La settimana scorsa ho partecipato a un incontro con l’ingegner Gian Paolo Dallara, proprietario dell’omonima azienda di automobili da competizione che ha vinto su tutti i circuiti del mondo. Ne ho tratto l’identikit dell’imprenditore ideale, caratterizzato da questi sei punti.

Primo. Uno spiccato desiderio personale di creare qualcosa di bello e di grande e di non sentirsi mai arrivato. L’ingegnere non si è accontentato di un percorso lavorativo da favola che l’ha portato fin da giovanissimo in Ferrari, Lamborghini, Maserati, De Tomaso, Lancia, ma ha voluto rischiare tutto per costruire una sua macchina da corsa cominciando da zero.

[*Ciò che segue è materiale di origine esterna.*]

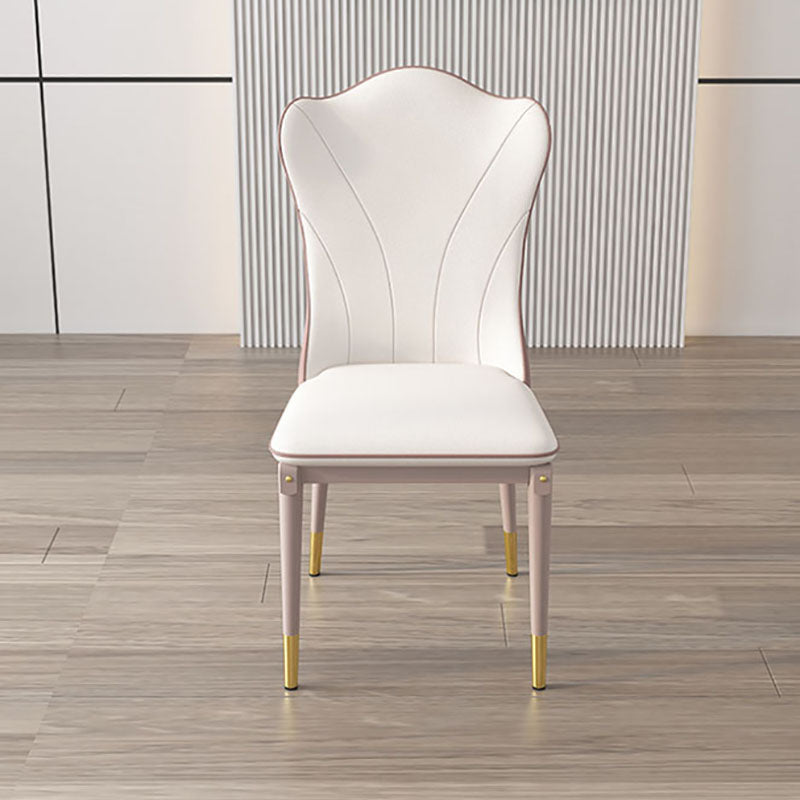 Leather Dining Side Chair Scandinavian Design Solid Back Armless Dining Chairs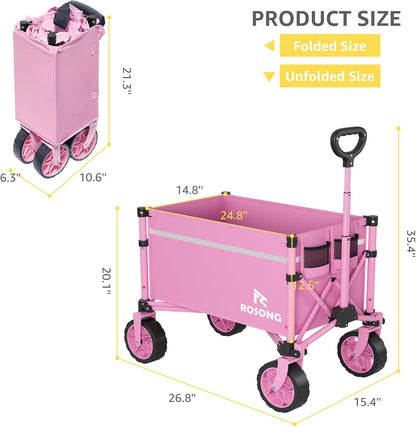 Collapsible Wagon Cart with Wheels Foldable - Folding Utility Heavy Duty Wagons Carts for Grocery Sports Garden Shopping Camping Wheelbarrows (Pink, 90L)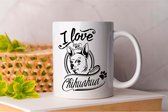 Mok I Love my Chihuahua - pets - honden - liefde - cute - love - dogs - dogs - dog mom - dog dad- cadeau - huisdieren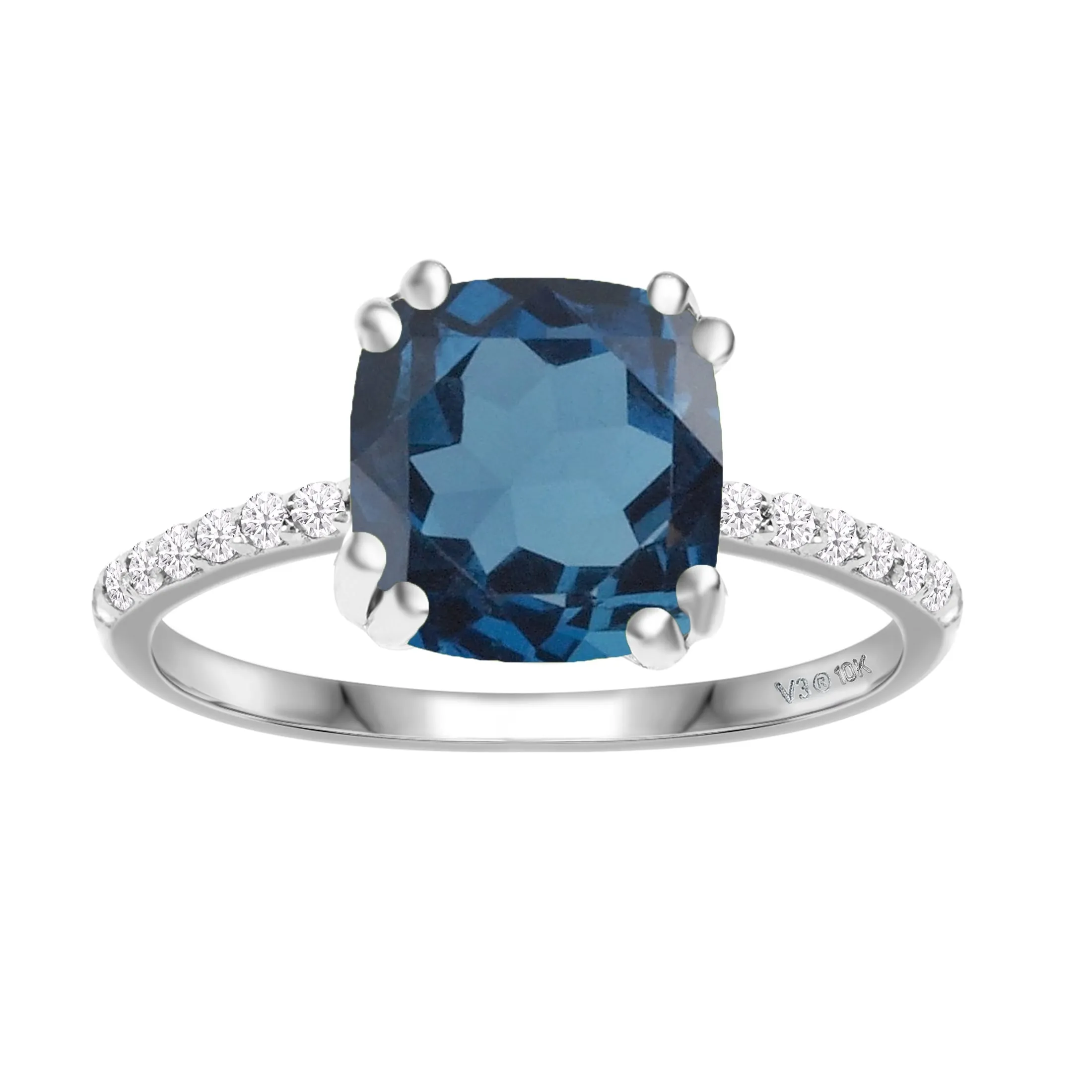 Sterling Silver with Natural London Blue Topaz and White Zircon Annivesary Ring sold by Zulily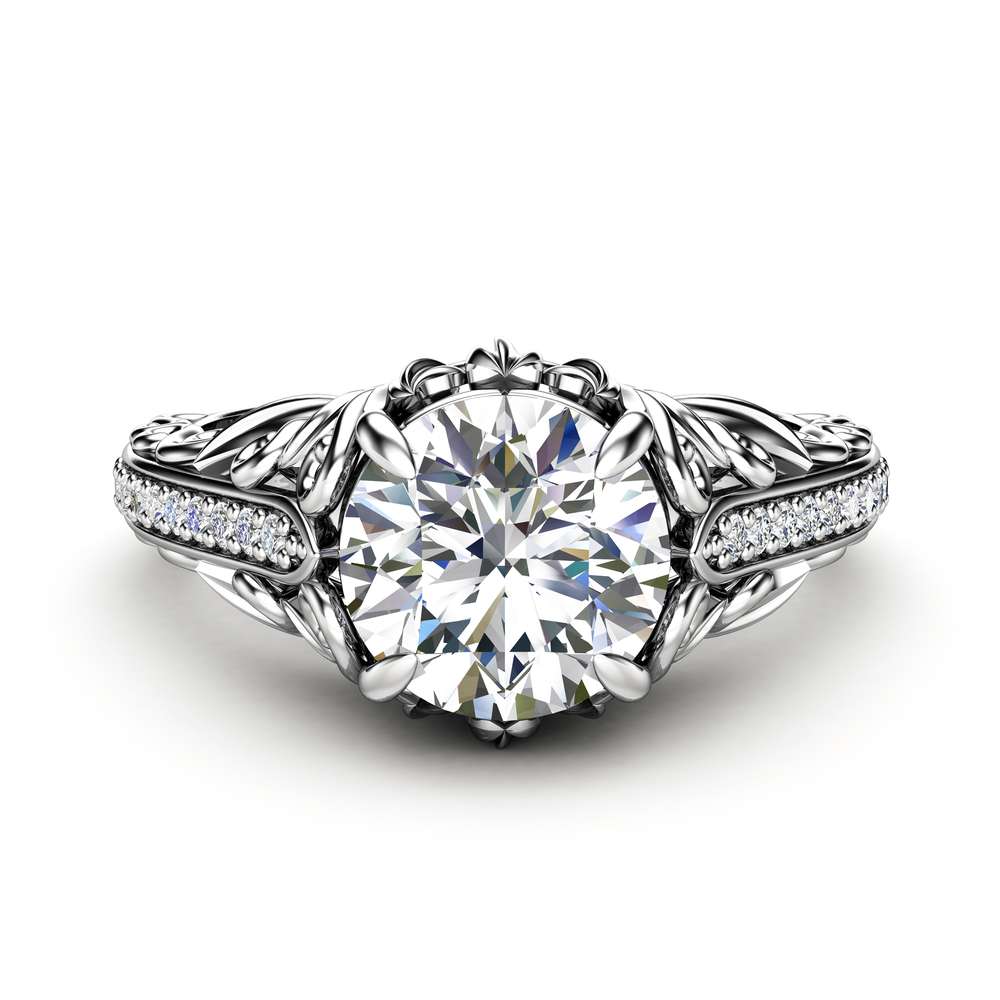 Moissanite Engagement Ring Unique 14K White Gold Ring Filigree Design Engagement Ring 2 Moissanite Engagement Ring Unique 14K White Gold Ring Filigree Design Engagement Ring
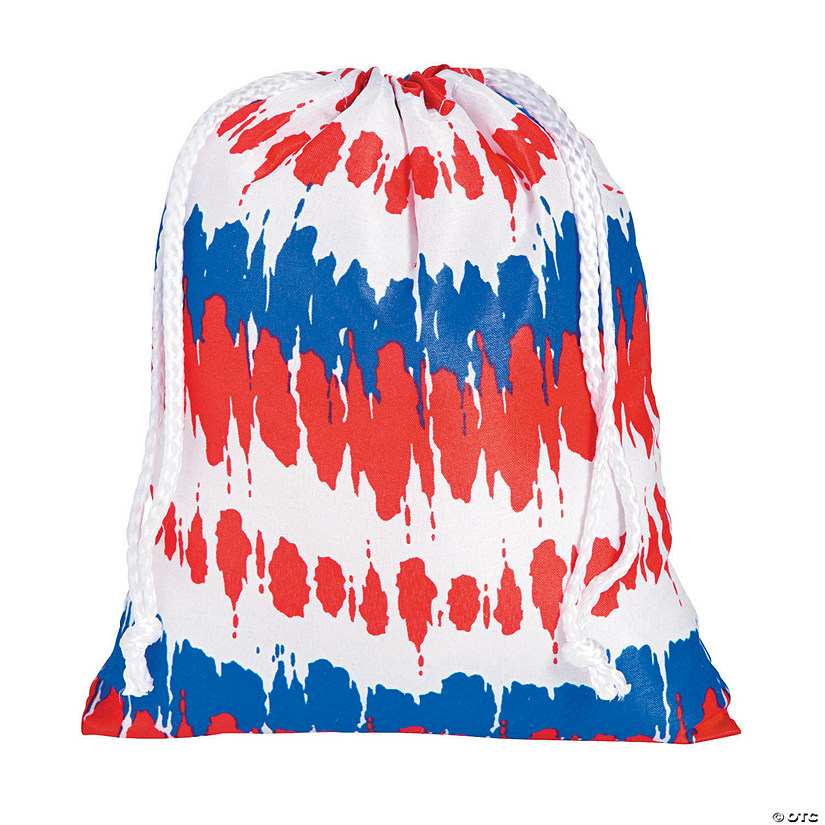 Medium Tie-Dyed Patriotic Drawstring Bags - 12 Pc. Image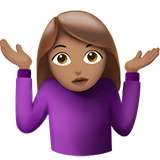 How Woman Shrugging: Medium Skin Tone emoji looks on Apple.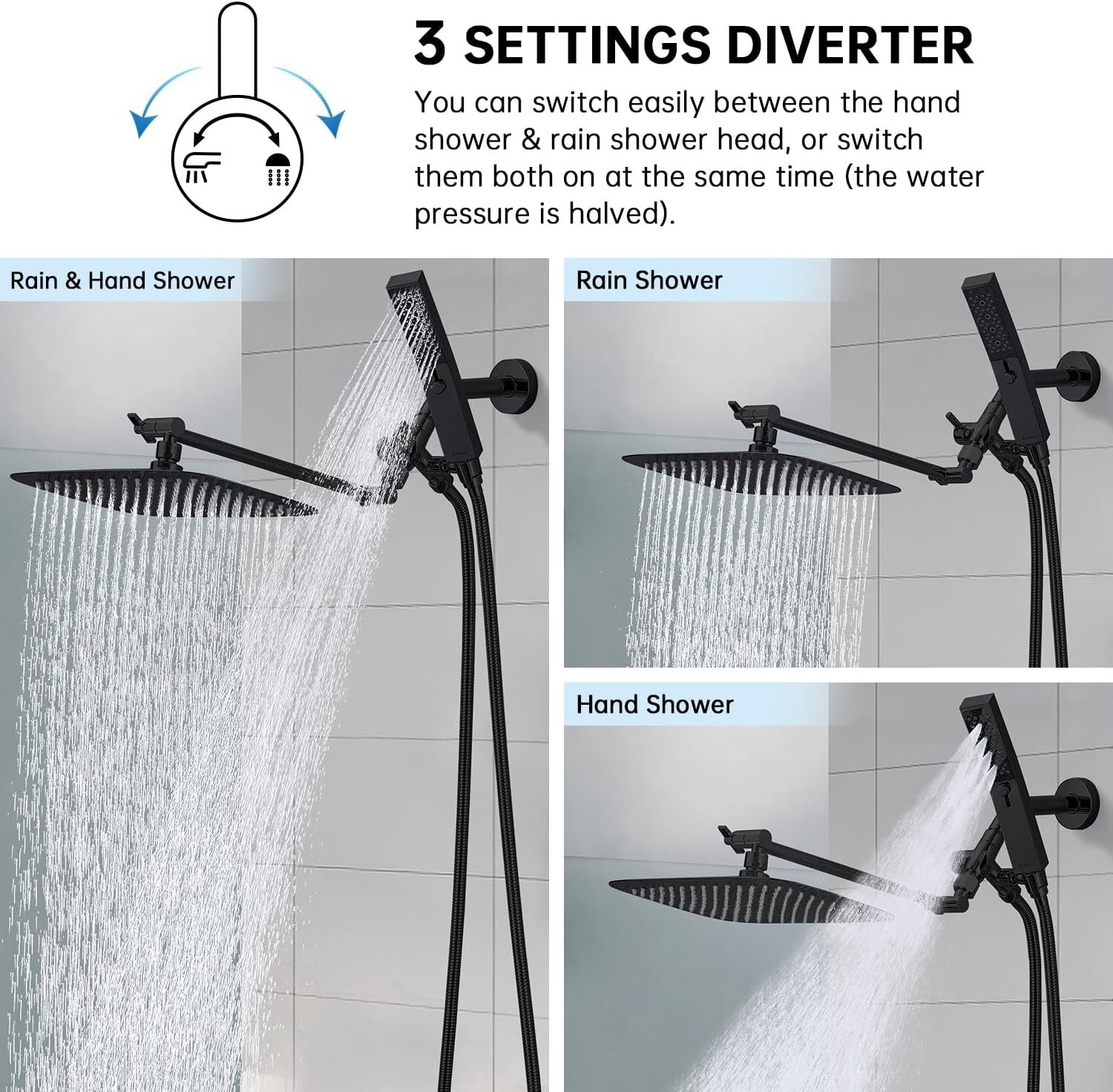 Modern 12-Inch Rain Shower Head Combo with Handheld Wand & Easy Install Features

Secondo. Un certo modo di concepire gli utili aziendali. Di recente, con i suoi soci ha deciso che l’80 per cento degli utili rimangano in azienda per i prossimi 25 anni. E che tali somme saranno utilizzate per formare i lavoratori affinché siano in grado di creare “la vettura di domani”.

Non solo formazione interna, di cui avvantaggiarsi direttamente, ma, terzo punto, uno sguardo più largo al territorio: la Dallara ha dato tre milioni di euro per le attrezzature della scuola professionale di Fornovo.

Quarto. Uno sguardo positivo e capace di valorizzare, riconoscendo che le università italiane preparano i giovani a imparare e che questi “sono bravi, si appassionano e hanno voglia di fare”.

Quinto. Un tipo di leadership per cui i successi sono collettivi e le sconfitte servono per imparare.

Sesto. La capacità di essere grato e l’impegno a restituire. Per questo degli utili distribuiti alla famiglia, il 50 per cento finirà in una fondazione per aiutare chi, per ragioni economiche, fosse costretto a rinunciare agli studi.

In sintesi, è il profilo di un imprenditore alternativo al neoliberismo finanziario, che concepisce la ricchezza come un affare da economia reale. Un affare che si può definire anche sociale.